I received a free case of matzo when I went grocery shopping a few weeks ago. Since then I’ve been trying to come up with creative ideas on how to use it in dishes. This was one of them!
Last summer I made Matzo Brei, similar to French toast. I had that in the back of my mind when I was deciding on the preparation of this dish. However, the Matzo Brei was a blend of sweet and salty, and this time I wanted to take a full savory approach. This version of a matzo-based frittata seemed like the way to go with a colorful mix of vegetables, crumbled feta, and flavorful spices. I also chose to bake it rather than fry it so I could keep the meal a little lighter.
3 pieces matzo, broken into 1-inch bits
1 cup milk (I used Smart Balance lactose-free fat free milk)

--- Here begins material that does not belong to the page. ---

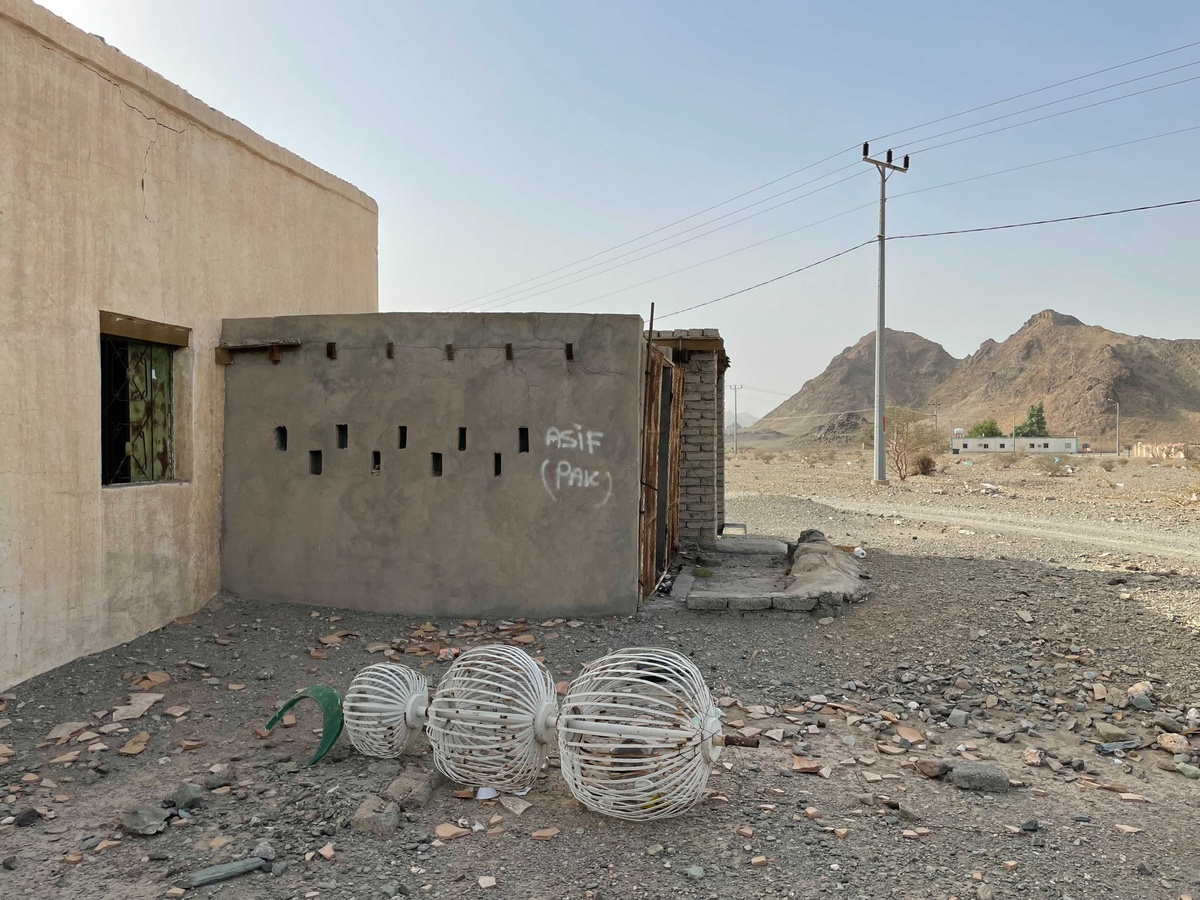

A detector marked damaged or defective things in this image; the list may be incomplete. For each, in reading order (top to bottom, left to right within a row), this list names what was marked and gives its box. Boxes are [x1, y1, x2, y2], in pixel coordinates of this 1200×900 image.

rusty window grille [100, 336, 174, 482]
cracked plaster wall [0, 0, 379, 691]
cracked plaster wall [219, 314, 643, 619]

1 cup fresh spinach leaves, torn
1/2 cup chopped roasted red peppers, from a jar
1 cup finely diced sweet onion
1/2 cup cherry or grape tomatoes, quartered
1/4 teaspoon ground black pepper
1/4 teaspoon salt
1/4 teaspoon dried crushed rosemary
1/4 teaspoon dried thyme leaves
1/2 cup crumbled feta cheese
1. Preheat oven to 350 degrees. Lightly grease a 9-inch pie plate and set aside.
2. In a medium bowl, place broken matzo and gently stir in milk, making sure to coat all matzo. Let sit for about 30-45 seconds and then drain.
3. In a large bowl, whisk eggs until nicely beaten. Then stir in spinach, roasted red peppers, onions, tomatoes and spices. Gently stir moistened matzo pieces into egg mixture thoroughly.
4. Pour egg mixture into the pie plate and sprinkle with crumbled feta cheese. Bake until eggs are set and edges begin to lightly brown, about 25-30 minutes. Remove from oven and place on cooling rack for a couple of minutes before serving.